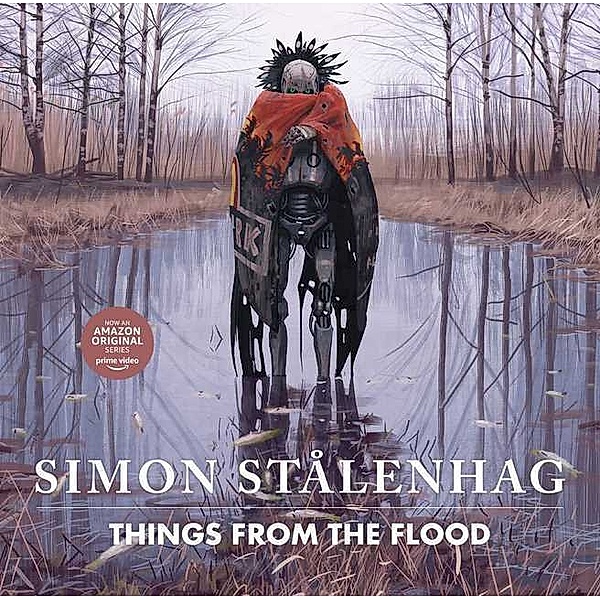 Things from the Flood, Simon Stålenhag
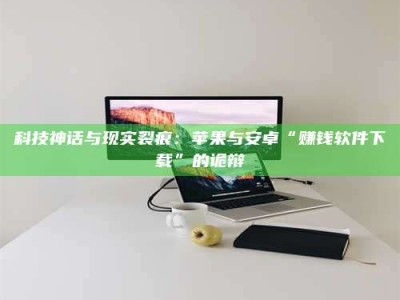 溧阳科技神话与现实裂痕：苹果与安卓“赚钱软件下载”的诡辩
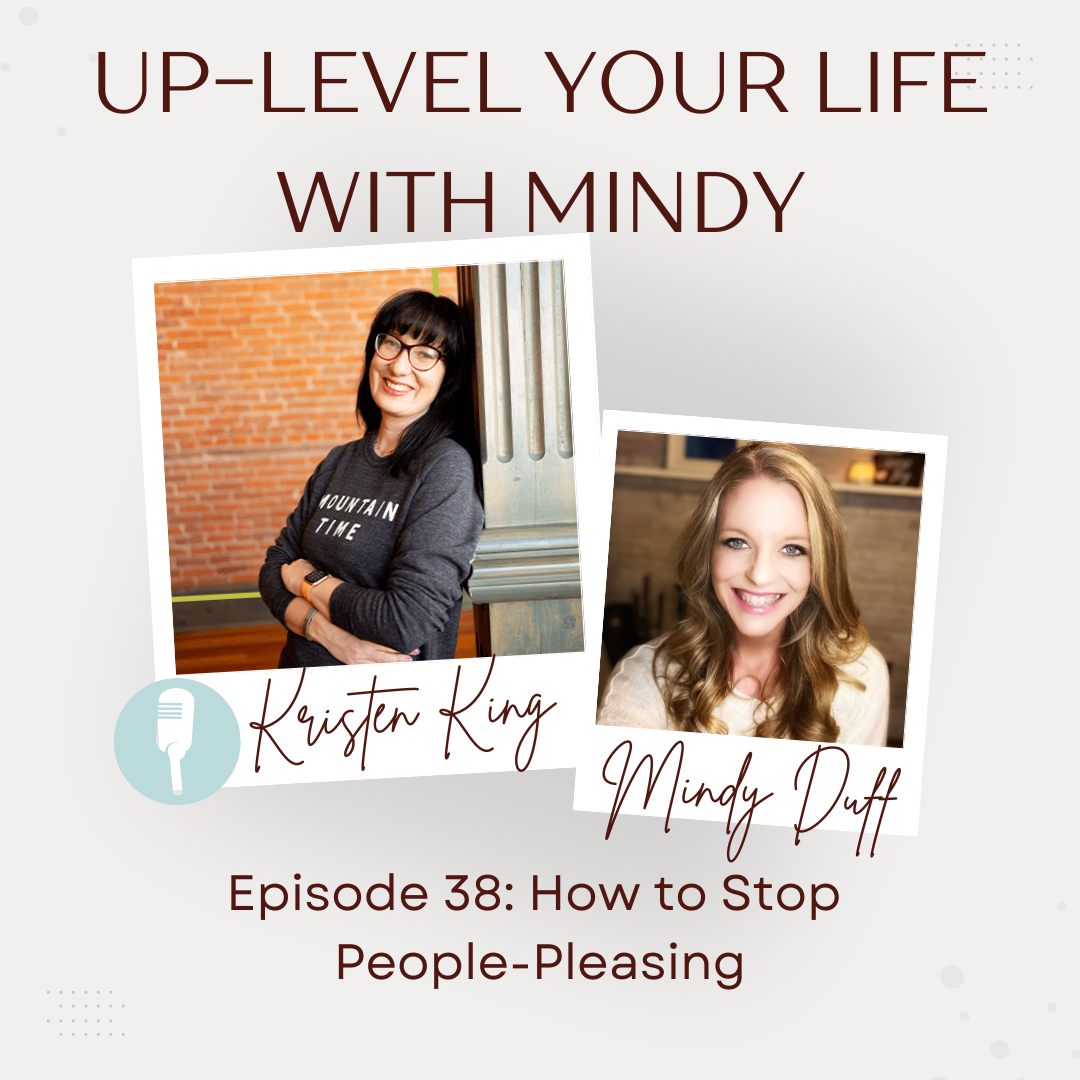 New Interview: How to Stop People Pleasing, A Conversation with Kristen King on the Up-Level Your Life Podcast with Mindy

Assigned task:
Any images must be dropped; all other material is to be printed exactly.

Answer section:
 Things from the Flood, Simon Stålenhag
 溧阳科技神话与现实裂痕：苹果与安卓“赚钱软件下载”的诡辩
 New Interview: How to Stop People Pleasing, A Conversation with Kristen King on the Up-Level Your Life Podcast with Mindy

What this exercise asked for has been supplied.